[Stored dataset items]
*** Block opens ***

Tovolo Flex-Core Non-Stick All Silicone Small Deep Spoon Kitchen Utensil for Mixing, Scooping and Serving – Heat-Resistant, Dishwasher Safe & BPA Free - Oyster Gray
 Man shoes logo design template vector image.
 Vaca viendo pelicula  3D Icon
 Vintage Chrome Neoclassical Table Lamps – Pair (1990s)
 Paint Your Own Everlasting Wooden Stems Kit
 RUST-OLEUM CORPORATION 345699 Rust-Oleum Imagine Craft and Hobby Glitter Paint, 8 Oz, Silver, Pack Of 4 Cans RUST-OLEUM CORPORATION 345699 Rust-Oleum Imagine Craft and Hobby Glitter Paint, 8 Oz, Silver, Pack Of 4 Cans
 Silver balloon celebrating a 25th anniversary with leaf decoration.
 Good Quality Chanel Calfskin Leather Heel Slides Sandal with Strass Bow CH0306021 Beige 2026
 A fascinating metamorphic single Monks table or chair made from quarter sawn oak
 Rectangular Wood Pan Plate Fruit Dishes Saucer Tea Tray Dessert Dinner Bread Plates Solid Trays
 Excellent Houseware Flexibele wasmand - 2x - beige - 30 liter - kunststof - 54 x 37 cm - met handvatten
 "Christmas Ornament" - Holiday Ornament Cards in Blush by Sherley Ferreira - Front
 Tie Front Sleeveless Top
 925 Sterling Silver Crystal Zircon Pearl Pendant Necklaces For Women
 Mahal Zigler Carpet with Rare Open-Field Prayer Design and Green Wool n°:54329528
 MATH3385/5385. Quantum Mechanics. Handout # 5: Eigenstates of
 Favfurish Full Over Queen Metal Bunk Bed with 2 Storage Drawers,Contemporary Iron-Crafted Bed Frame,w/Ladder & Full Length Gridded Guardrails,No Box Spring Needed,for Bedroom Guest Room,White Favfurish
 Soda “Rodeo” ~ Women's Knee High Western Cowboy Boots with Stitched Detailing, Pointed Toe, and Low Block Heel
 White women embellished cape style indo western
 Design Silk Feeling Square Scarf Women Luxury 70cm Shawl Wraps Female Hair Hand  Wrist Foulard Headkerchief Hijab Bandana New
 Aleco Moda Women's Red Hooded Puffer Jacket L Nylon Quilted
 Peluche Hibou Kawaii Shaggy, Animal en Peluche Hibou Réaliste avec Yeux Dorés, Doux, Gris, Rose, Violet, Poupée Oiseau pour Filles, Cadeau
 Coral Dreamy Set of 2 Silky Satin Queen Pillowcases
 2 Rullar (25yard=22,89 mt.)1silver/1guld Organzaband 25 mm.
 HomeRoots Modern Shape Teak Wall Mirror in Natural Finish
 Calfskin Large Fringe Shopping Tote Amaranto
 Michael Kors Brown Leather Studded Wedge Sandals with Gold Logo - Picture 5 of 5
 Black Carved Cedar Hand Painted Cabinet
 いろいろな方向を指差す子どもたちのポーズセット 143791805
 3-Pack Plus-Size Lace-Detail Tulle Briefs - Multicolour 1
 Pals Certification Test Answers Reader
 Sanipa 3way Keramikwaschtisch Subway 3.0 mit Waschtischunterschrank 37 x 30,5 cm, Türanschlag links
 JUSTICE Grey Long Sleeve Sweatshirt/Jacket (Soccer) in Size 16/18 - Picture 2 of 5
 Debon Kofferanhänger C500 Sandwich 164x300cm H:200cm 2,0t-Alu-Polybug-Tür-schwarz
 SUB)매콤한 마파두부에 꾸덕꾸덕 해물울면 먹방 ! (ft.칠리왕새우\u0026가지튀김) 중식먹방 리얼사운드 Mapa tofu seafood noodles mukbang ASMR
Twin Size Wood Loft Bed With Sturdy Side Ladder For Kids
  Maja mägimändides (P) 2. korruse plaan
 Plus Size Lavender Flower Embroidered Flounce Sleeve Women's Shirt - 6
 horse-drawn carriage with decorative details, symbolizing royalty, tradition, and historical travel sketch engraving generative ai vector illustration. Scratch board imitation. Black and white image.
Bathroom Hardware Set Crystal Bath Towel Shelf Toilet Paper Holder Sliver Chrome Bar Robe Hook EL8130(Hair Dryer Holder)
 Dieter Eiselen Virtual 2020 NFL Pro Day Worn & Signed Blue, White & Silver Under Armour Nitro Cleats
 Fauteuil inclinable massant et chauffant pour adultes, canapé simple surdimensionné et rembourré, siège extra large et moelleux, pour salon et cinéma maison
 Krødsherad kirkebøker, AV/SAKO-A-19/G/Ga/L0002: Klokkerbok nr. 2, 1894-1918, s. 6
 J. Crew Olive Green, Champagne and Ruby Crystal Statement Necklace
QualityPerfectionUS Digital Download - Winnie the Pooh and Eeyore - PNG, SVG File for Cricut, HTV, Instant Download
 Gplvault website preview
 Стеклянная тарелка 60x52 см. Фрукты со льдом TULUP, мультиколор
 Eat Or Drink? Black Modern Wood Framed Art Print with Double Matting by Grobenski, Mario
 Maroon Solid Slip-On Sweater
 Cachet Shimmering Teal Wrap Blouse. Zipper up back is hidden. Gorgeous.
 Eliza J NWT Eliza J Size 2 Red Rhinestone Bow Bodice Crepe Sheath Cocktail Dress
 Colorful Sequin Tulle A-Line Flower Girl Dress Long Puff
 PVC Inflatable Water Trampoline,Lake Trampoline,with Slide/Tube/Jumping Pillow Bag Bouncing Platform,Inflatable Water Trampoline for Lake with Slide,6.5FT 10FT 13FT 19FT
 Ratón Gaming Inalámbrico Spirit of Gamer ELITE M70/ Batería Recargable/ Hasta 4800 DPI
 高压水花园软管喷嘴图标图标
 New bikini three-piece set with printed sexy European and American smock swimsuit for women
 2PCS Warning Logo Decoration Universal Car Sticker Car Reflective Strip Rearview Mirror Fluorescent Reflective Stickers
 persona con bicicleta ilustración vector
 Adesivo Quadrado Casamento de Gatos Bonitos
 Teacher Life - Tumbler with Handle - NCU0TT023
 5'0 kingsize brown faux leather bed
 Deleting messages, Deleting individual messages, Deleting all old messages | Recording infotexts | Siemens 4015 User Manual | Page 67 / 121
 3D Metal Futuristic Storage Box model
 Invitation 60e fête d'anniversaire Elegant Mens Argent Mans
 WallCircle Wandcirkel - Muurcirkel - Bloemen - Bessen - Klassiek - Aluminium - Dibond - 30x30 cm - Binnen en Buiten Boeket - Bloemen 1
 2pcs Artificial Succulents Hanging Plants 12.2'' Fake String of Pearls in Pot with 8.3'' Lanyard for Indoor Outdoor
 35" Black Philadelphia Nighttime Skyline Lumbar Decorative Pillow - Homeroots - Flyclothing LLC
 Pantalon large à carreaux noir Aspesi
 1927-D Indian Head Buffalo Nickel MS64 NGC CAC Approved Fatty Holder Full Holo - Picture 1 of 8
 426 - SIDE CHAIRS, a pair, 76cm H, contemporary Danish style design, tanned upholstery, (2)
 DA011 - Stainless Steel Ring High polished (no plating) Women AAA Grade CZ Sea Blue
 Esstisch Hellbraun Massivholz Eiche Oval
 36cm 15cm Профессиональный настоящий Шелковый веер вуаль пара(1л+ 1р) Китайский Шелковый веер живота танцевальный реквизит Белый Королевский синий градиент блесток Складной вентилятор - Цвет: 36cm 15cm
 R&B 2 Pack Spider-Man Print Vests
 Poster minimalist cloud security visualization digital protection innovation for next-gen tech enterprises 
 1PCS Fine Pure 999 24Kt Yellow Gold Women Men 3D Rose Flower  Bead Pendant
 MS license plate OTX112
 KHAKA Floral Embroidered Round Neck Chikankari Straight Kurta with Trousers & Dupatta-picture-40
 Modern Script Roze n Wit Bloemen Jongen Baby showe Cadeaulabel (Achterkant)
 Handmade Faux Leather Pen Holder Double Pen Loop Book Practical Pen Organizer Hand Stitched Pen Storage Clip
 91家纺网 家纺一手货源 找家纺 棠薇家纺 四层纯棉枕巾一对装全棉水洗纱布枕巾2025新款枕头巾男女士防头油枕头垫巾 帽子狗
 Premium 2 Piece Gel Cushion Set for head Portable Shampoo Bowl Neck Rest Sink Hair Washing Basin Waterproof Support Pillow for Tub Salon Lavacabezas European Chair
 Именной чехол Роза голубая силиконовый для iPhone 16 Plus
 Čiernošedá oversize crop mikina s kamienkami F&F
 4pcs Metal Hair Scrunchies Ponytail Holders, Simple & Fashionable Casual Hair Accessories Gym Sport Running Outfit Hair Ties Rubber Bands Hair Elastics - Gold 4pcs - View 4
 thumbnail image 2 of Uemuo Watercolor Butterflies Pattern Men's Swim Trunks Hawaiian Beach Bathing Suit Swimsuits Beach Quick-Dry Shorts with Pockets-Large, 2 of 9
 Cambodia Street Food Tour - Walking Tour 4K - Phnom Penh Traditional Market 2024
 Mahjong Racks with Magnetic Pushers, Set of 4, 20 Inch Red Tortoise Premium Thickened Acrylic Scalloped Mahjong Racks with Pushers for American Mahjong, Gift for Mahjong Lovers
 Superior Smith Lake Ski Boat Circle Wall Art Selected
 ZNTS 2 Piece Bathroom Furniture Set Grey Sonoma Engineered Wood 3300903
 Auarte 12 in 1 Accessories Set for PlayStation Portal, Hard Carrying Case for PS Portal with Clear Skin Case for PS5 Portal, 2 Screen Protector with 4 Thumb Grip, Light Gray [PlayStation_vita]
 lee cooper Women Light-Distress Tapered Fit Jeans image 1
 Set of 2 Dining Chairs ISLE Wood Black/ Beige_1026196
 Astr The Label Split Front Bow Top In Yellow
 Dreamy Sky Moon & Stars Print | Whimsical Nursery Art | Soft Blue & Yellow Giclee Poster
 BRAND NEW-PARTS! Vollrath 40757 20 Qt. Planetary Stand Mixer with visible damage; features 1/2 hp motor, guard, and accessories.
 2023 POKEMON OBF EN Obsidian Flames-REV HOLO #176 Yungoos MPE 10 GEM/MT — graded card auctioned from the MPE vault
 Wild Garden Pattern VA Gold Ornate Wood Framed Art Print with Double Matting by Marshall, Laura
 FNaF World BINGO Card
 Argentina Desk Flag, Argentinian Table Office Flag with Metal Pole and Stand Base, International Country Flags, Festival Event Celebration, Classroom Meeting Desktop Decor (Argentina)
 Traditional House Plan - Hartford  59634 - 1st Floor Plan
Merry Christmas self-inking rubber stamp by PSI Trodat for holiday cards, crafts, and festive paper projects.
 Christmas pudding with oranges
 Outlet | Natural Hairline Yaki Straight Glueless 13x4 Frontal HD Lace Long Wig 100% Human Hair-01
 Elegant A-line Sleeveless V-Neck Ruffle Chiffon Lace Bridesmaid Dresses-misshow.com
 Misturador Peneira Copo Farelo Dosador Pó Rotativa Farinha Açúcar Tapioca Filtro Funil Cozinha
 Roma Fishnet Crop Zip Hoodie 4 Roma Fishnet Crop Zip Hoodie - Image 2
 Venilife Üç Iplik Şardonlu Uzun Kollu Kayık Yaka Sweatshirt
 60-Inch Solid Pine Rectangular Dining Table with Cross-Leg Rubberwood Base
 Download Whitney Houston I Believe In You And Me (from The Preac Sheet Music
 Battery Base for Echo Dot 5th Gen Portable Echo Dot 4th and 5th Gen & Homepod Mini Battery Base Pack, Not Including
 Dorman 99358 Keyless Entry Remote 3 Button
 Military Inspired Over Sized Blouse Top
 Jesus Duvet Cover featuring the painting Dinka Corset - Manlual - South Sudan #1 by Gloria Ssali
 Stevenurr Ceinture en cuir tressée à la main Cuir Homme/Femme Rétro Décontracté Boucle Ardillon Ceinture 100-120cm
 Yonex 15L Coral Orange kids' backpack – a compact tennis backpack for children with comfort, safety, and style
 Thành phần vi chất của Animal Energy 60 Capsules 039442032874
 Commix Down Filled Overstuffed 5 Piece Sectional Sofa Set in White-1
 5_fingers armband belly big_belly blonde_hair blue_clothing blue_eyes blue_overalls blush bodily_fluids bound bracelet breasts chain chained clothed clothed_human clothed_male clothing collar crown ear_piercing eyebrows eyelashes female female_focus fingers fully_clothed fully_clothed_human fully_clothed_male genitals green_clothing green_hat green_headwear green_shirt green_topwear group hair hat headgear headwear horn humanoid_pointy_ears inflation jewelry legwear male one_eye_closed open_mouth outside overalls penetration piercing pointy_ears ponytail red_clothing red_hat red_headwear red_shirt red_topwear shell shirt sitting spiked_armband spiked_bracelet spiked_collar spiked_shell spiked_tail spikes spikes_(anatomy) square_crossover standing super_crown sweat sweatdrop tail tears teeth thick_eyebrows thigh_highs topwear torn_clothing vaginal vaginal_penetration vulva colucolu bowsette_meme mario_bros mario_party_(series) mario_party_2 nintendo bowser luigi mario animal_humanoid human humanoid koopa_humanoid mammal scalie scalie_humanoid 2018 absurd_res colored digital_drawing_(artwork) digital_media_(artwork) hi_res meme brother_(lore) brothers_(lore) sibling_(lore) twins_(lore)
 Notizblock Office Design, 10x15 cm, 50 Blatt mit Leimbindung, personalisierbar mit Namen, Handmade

*** Block closes ***

Could you restate word for word the lines above from the one containing "4pcs Metal Hair" through the one containing "Auarte 12 in", both included, and nothing else?

 4pcs Metal Hair Scrunchies Ponytail Holders, Simple & Fashionable Casual Hair Accessories Gym Sport Running Outfit Hair Ties Rubber Bands Hair Elastics - Gold 4pcs - View 4
 thumbnail image 2 of Uemuo Watercolor Butterflies Pattern Men's Swim Trunks Hawaiian Beach Bathing Suit Swimsuits Beach Quick-Dry Shorts with Pockets-Large, 2 of 9
 Cambodia Street Food Tour - Walking Tour 4K - Phnom Penh Traditional Market 2024
 Mahjong Racks with Magnetic Pushers, Set of 4, 20 Inch Red Tortoise Premium Thickened Acrylic Scalloped Mahjong Racks with Pushers for American Mahjong, Gift for Mahjong Lovers
 Superior Smith Lake Ski Boat Circle Wall Art Selected
 ZNTS 2 Piece Bathroom Furniture Set Grey Sonoma Engineered Wood 3300903
 Auarte 12 in 1 Accessories Set for PlayStation Portal, Hard Carrying Case for PS Portal with Clear Skin Case for PS5 Portal, 2 Screen Protector with 4 Thumb Grip, Light Gray [PlayStation_vita]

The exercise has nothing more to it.